Bu arada Celâleddin'in baskılarından bunalan Gürcüler, 1228'de İvâne kumandasında Gürcü, Ermeni, Alan, Sabir, Laz ve Kıpçaklardan oluşan büyük bir orduyla saldırıya geçtiler. Kendine aşırı derecede güvenen Sultan, kuvvetli düşman karşısında ne yapılması gerektiğini sorduğu vezirinin, "düşman çok kuvvetli, Harezmlilerin toplanmasını bekleyelim" şeklindeki cevabına çok sinirlenmiş ve elindeki diviti vezirin kafasına fırlatmıştı. Müttefik ordu geldiğinde Sultan, Betak Gölü civarında ordugâhını kurmuştu. Ertesi gün, belki de savaş meydanlarına eşine hiç rastlanmayan sahneler yaşandı. Sultan Celâleddin, sabahın ilk ışıklarıyla birlikte, bizzat savaş meydanına çıkarak kendisiyle çarpışacak bir asker istedi. Sultanın karşısına dev yapılı, iri yarı bir Gürcü'yü çıkardılar. Sultan bu irikıyım Gürcü askerini; ardından babalarının intikamını almak üzere meydana çıkan üç oğlunu ve bir savaşçıyı daha öldürdü. Hükümdarlarının mübarezede bizzat gösterdiği kahramanlığa kendi gözleriyle şahit olan Harezm askerleri âdeta galeyana gelerek şiddetli bir saldırı başlattılar. Savaş Sultan'ın ordusunun galibiyeti ile sonuçlandı.
Zaferini kutlayamadı
Ancak, kazandığı hiçbir savaşın tadını tam anlamıyla çıkaramayan Celâleddin Harezmşah, bu zaferin de zevkine varamadı; zira ezeli düşmanı Moğollar İsfahan'da onu bekliyorlardı. Celâleddin Harezmşah ordusuna eskisine oranla çok daha fazla güveniyor, Moğollara bu defa haddini bildireceğine inanıyordu. Fakat Moğollar karşısındaki şansı bu kez de tutmadı ve bir kez daha yenilgiye uğradı.

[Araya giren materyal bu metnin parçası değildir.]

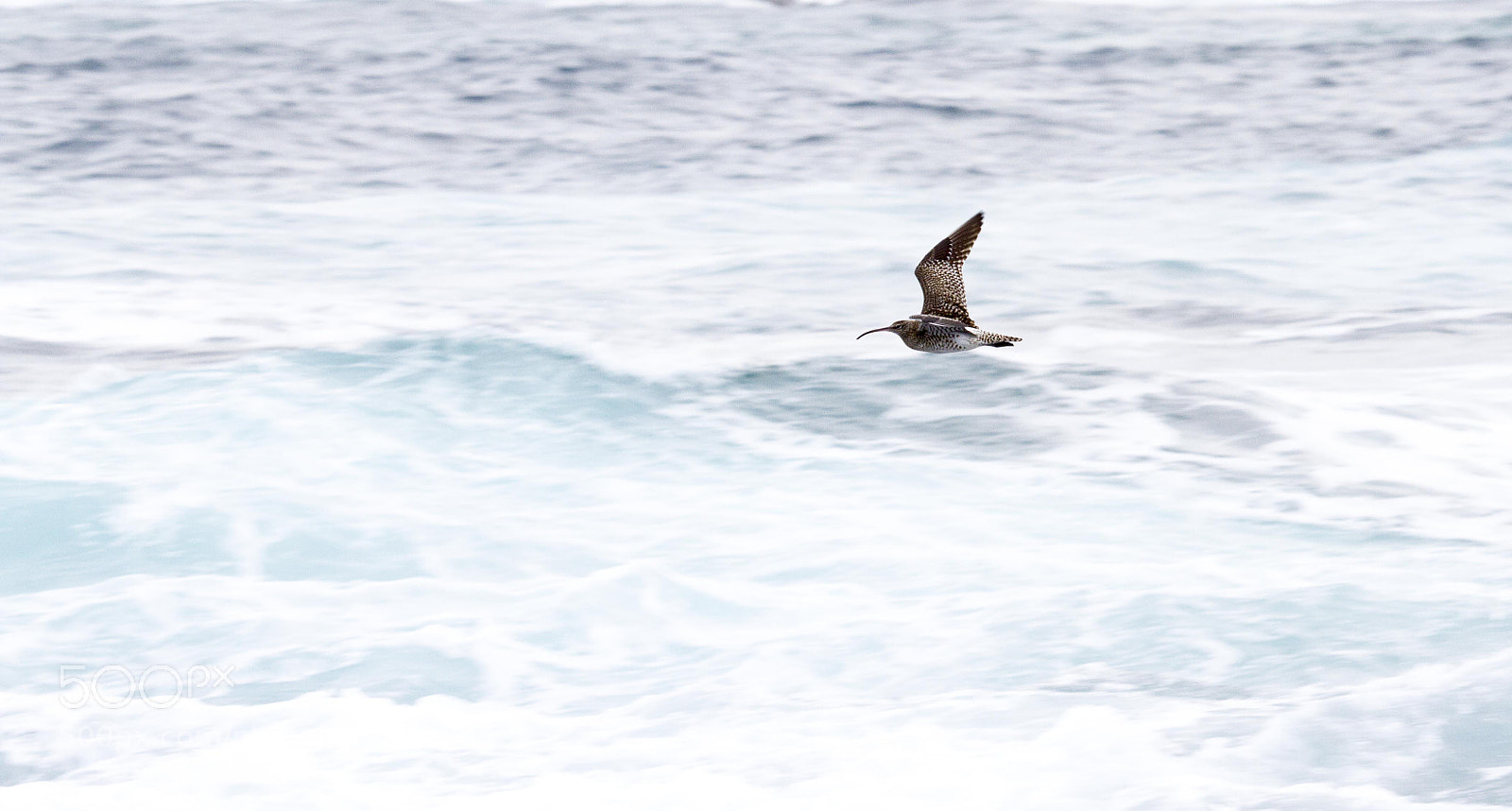 Canon EOS 7D sample photo. Mgl photography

Sultan Celâleddin Harezmşah, son yenilgisinden sonra, tek başına Moğollarla baş edemeyeceğini anlamıştı. Kendisine bir müttefik bulması şarttı. Bu amaçla, Türkiye Selçuklu Sultanı I. Alâeddin Keykubad'a ittifak teklifinde bulundu ise de, Moğollarla iyi geçinmeye çalışan, olası Moğol tehdidine karşı ülkesinde tahkimatlar yaptıran, yeni kaleler inşa ettiren Sultan Keykubad bu teklifi kabul etmedi. Selçuklu sultanının bu tavrına öfkelenen Sultan, Selçuklu hakimiyeti altındaki Ahlat'a hücum ederek şehri ele geçirdi. Bu hareketi kendisiyle ittifaka yanaşmayan Sultan Alâeddin Keykubad'a bir nevi meydan okumaydı.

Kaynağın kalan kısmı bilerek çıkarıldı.